Miles Davis - Complete Bitches Brew Sessions

album review

Sony/ Columbia

Original release date: June 1970

Re-release date (with many additional tracks) May 11th 2004

Recording dates: Columbia Studio B, NYC, August 19,20,21, 1969; Columbia Studio E, NYC, November 19 and 28, 1969; Columbia Studio B, NYC, January 27,28, and February 6 1970

 Miles Davis: Complete Bitches Brew Sessions


Personnel:

August 19,20,21: Miles Davis (trumpet), Bennie Maupin (bass clarinet), Wayne Shorter (soprano sax), Chick Corea, Joe Zawinul, Larry Young (electric piano), John McLaughlin (guitar), Dave Holland, Harvey Brooks (bass, electric bass), Jack DeJohnette, Lenny White, Don Alias (drums), Don Alias, Jim Riley (congas, shaker)

Tracks:
Pharaoh's Dance*, Bitches Brew*, John McLaughlin*, Sanctuary*, Miles Runs the Voodoo Down*, Spanish Key*,

(*These tracks were released as the original 2CD album 'Bitches Brew')

Personnel:

November 19 and 28: Miles Davis (trumpet), Bennie Maupin (bass clarinet), Steve Grossman (soprano sax), Chick Corea, Herbie Hancock (electric piano), Larry Young (organ), Khalil Balakrishna (electric sitar), Bihari Sharma (tambura, tabla), John McLaughlin (guitar), Ron Carter, Harvey Brooks, Dave Holland (bass), Billy Cobham, Jack DeJohnette (drums), Airto Moreira (percussion)

Tracks:
Great Expectations, Orange Lady, Yaphet, Corrado, Trevere, The Big Green Serpent, The Little Green Frog

Personnel:

January 27, 28 1970: Miles Davis (trumpet), Bennie Maupin (bass clarinet), Wayne Shorter (soprano sax), Chick Corea, Joe Zawinul (electric piano), Larry Young (celeste), Khalil Balakrishna (electric sitar), John McLaughlin (guitar), Dave Holland (bass), Billy Cobham, Jack DeJohnette (drums), Airto Moreira (percussion)

Tracks:
Lonely Fire, Guinnevere, Feio*, Double Image

(*added as a bonus track to the 'Bitches Brew' CD release)
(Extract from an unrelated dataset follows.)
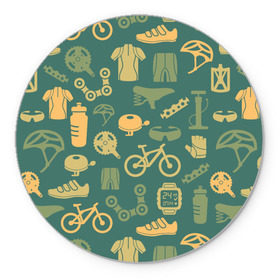 Коврик круглый с принтом Велосипед Текстура в Екатеринбурге, резина и полиэстер | круглая форма, изображение наносится на всю лицевую часть | байк | велик | вело | велосипед | велосипеды | велоспорт | с велосипедом | спорт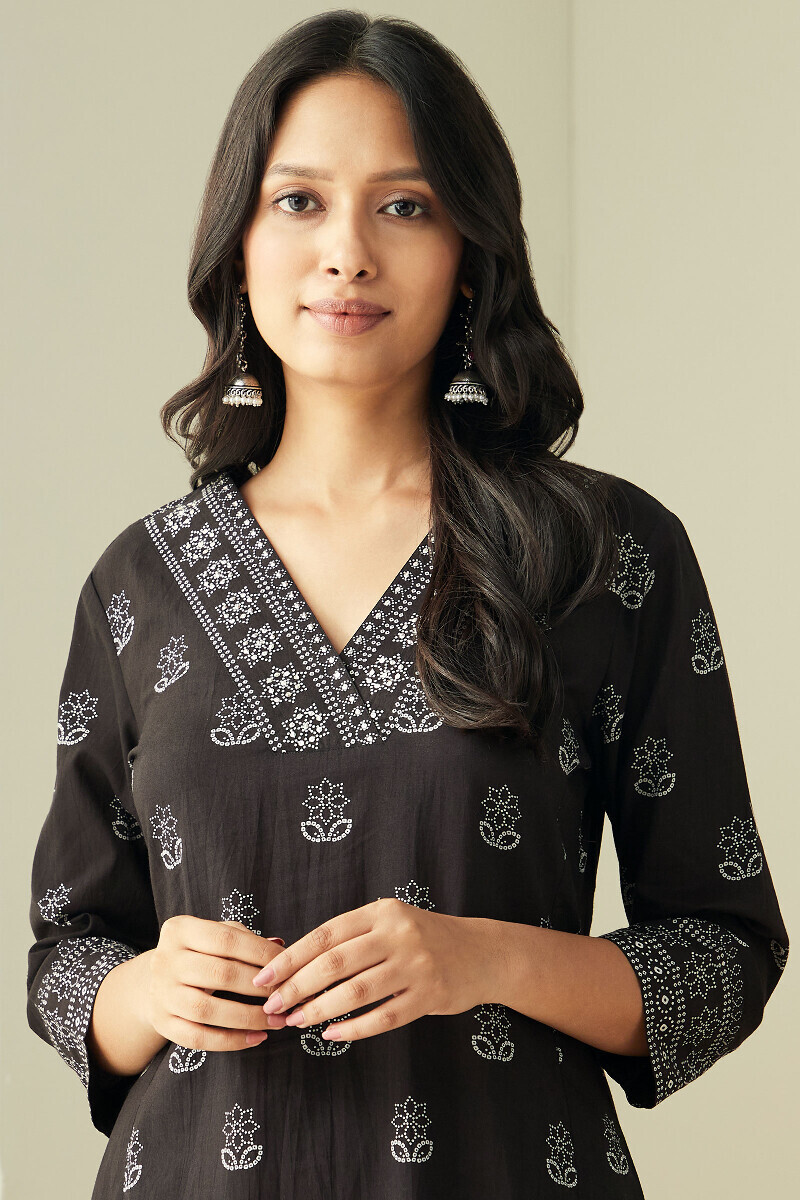 Black Hand-Printed Straight Cotton Kurta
February 6, 1970: Miles Davis (trumpet), Wayne Shorter (soprano sax), Chick Corea, Joe Zawinul (electric piano), John McLaughlin (guitar), Dave Holland (bass), Jack DeJohnette (drums), Airto Moreira, Billy Cobham (percussion)

Tracks:
Recollection, Take It Or Leave It

Review:

1969 was a pivotal year in Miles Davis' career and in his life and this matched the widespread feeling that the world and music with it was changing. As he told Quincy Troupe:

'(That) was the year rock and funk were selling like hot cakes and all this was put on display at Woodstock. There were over 400,000 people at the concert… And jazz music seemed to be withering on the vine, in record sales and live performances. It was the first time in a long time that I didn't sell out crowds everywhere I played….. we played to a lot of half empty clubs…. I wasn't prepared to be a memory yet, wasn't prepared to be listed only on Columbia's so-called classical list.... I had seen the way to the future in my music, and I was going for it like I had always done. Not for Columbia and their record sales… I was going for it for myself, for what I wanted and needed in my own music.'*

That future was the 2 CD album "Bitches Brew". It sold over a million copies, a sharp change on the respectable 60,000 or so that Miles Davis albums had been selling up that point. The Miles Davis Band opened for the Grateful Dead before 5,000 at Fillmore West, San Francisco in April 1970, playing "Bitches Brew" to considerable acclaim and then went on to play Fillmore East in New York with Laura Nyro.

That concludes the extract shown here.